I had dropped the glass pitcher to my blender, breaking the handle and leaving exposed sharp edges at the top and bottom of where the handle once was. But the motor was fine, so I literally wrapped duct tape on the edges of the broken glass and continued using it. Even for me, that might be carrying the "use it up, wear it out" thing a little too far, but I'll be honest with you here. There's duct tape holding the handle of my old KitchenAid food processor together too.
And, yes, I am absolutely the kind of woman who not only loves to receive kitchen appliances for Christmas, but who actually asks for them. I told my husband the other day that I'd much rather he bring me home a basket of fresh veggies from a roadside stand, than flowers or some trinket - including jewelry I don't wear. 99.9% of the time I don't even wear my wedding rings because I'm in the kitchen cooking so much, that often on those rare occasions that I leave the house, I don't even remember to put them on then either.

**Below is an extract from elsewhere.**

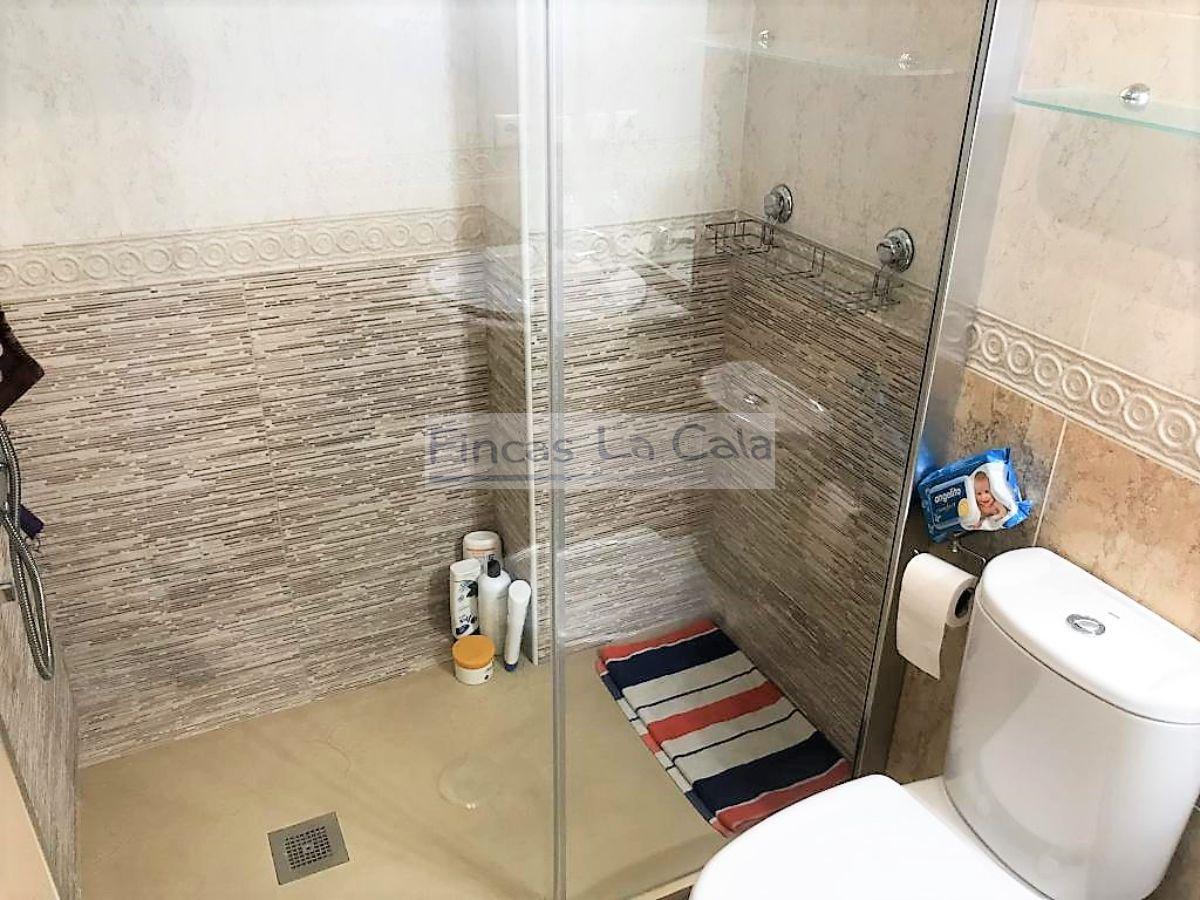Vente de appartement dans Finestrat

This sauce is so crazy easy to throw together using that machine, that it's downright ridiculous, and actually, I now make both the dough and sauce in the Ninja. Of course, any food processor, or other strong blender, or even a bit of elbow grease would work just as fine. Like my dough recipe, this recipe makes enough for two large pizzas, though the sauce can also be tossed with pasta and sprinkled with a little freshly grated Parmesan cheese, or even spooned over fried chicken cutlets or cube steaks and topped with a little mozzarella for another couple of quick supper ideas too. Double the recipe and freeze the extra.
Here's how easy it is. Put everything all together into your food processor or blender, pour in one cup of warm water and whirl it all together. Voila! That is it. Easy pizza sauce. And it's a very tasty one too!

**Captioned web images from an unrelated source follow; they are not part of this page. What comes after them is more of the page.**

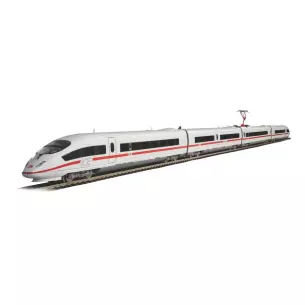 Coffret de départ Digital ICE Inter City Express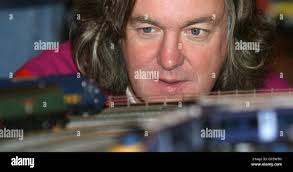 James mays toy stories christmas toy fair hi-res stock photography and  images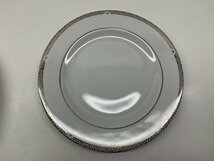 【保管品】ROYAL DOULTON ロイヤルドルトン プレート カップアンドソーサー_画像4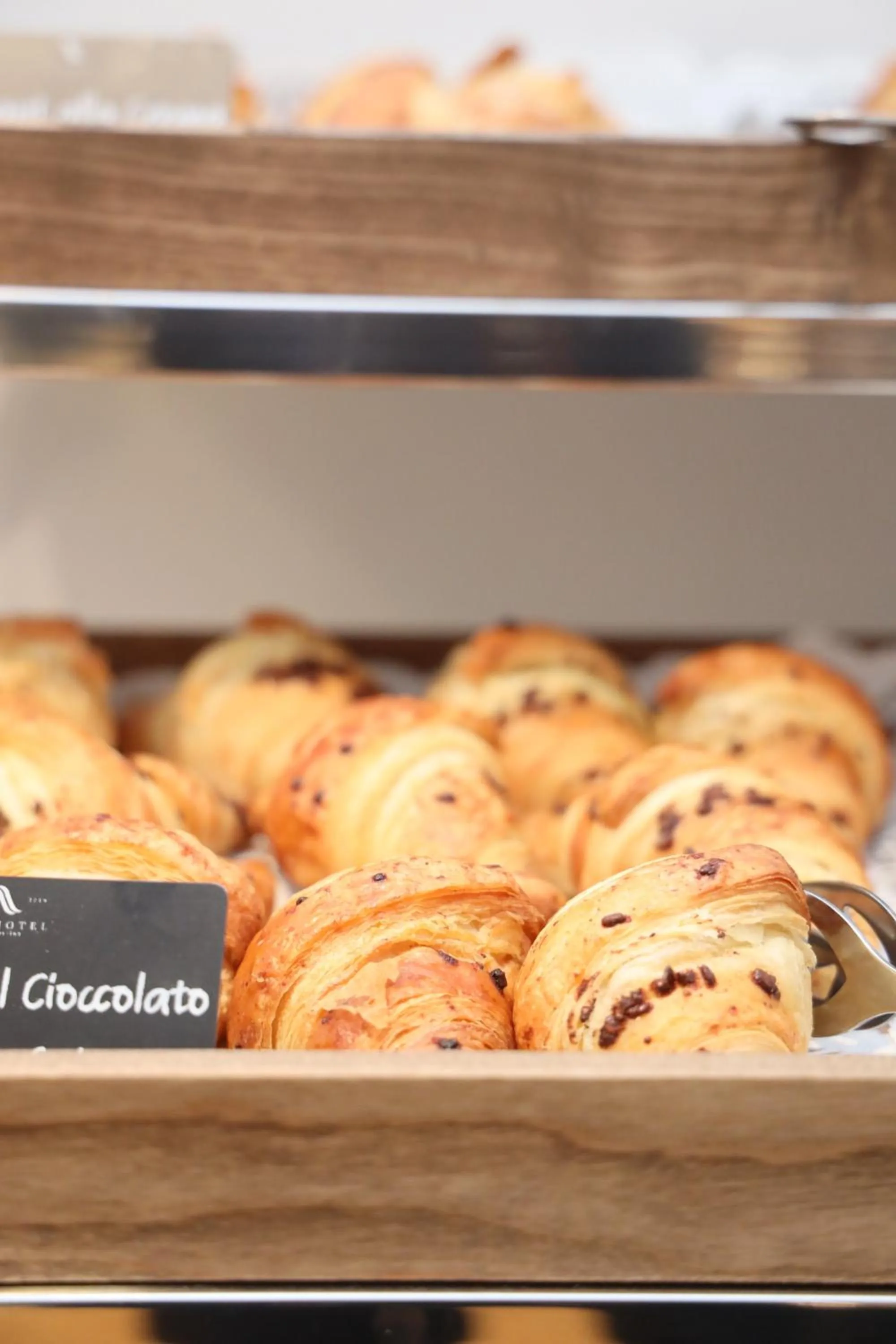 Food and drinks in LVG Hotel Collection - Gardenia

I know I'm a windy writer, but if you don't mind reading on a bit more, here's a bit of interesting local pizza history. Many, if not most of us here in South Mississippi, eat our pizza topped with French dressing. Yep. We sure do! Though it's evolved to include the darker, more reddish Catalina version these days, it started off with a homemade creamy version of the classic, bright orange style of French dressing pictured below.

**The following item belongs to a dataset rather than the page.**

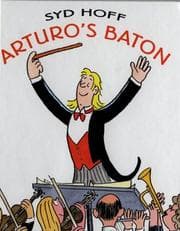 Tapa de Arturo's Baton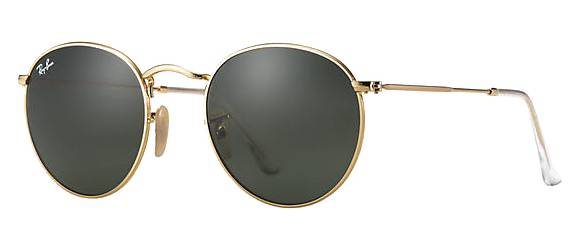 Ray-Ban Sonnenbrille PNG Pic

I've tried both and still prefer the creamy classic myself.
It's believed that, at least locally, topping pizza with French dressing started sometime back in the very early 60s, at a little lounge and restaurant owned back in the day by Hugo Rungo, called Hugo's Ristorante Italiano, more commonly Hugo's Pizza - or just simply Hugo's. Located on Division Street in Biloxi, near both of the east gates of Keesler Air Force base, and not very far away from the football stadium, it was a favorite hang-out among the young airmen and civilians working at the base, as well as the high school football after-crowd. Hugo's, opened in the early 50s and now long gone, became quite famous for their brick oven pizzas and folks came from all over the coast to get one.
My earliest memory of Mama working was at Hugo's, which I distinctly remember smelling as much of beer as it did food, even though the bar was on one side and the restaurant seating on the other. Seems to me there was a big potted plant they pulled in between the open doorway between the two areas to indicate whether the bar was open or closed - the same spot where this picture appears to have been taken.
Looking at that picture is like stepping back in time for me because I can distinctly remember that long bar and those tables like it was only yesterday that I was sitting right there at one of them. Back when I was still an only child and we lived on Back Bay, Mama didn't own a car or even drive, so with Daddy a little tight with the wallet and Hugo's within walking distance from where we lived, she took a job there. I doubt my Daddy even knew to be honest. He was pretty old school, and didn't agree much with women working outside of the home, but my Mama was rather independent minded and stubborn. I can remember sitting in a stool at that very bar as a young child when apparently Mama had to drag me along with her to work for whatever reason at least this once.
Though it wasn't all that unusual for a child to be seated on a bar stool with a parent back then (think Fisherman's Hangout for you locals) I guess the bar area wasn't open until later in the day, so best I can recall, I was planted over there while Mama worked through the rush. On the bar sat one of those little bar birds that rocked back and forth, dipping it's beak into a shot glass, and I can remember distinctly tapping it over and over to keep it going and keep my boredom at bay. I can also point you to tables in this picture where I actually sat many years later, while eating or waiting on a pizza for take out, though by then I believe it was actually under new ownership.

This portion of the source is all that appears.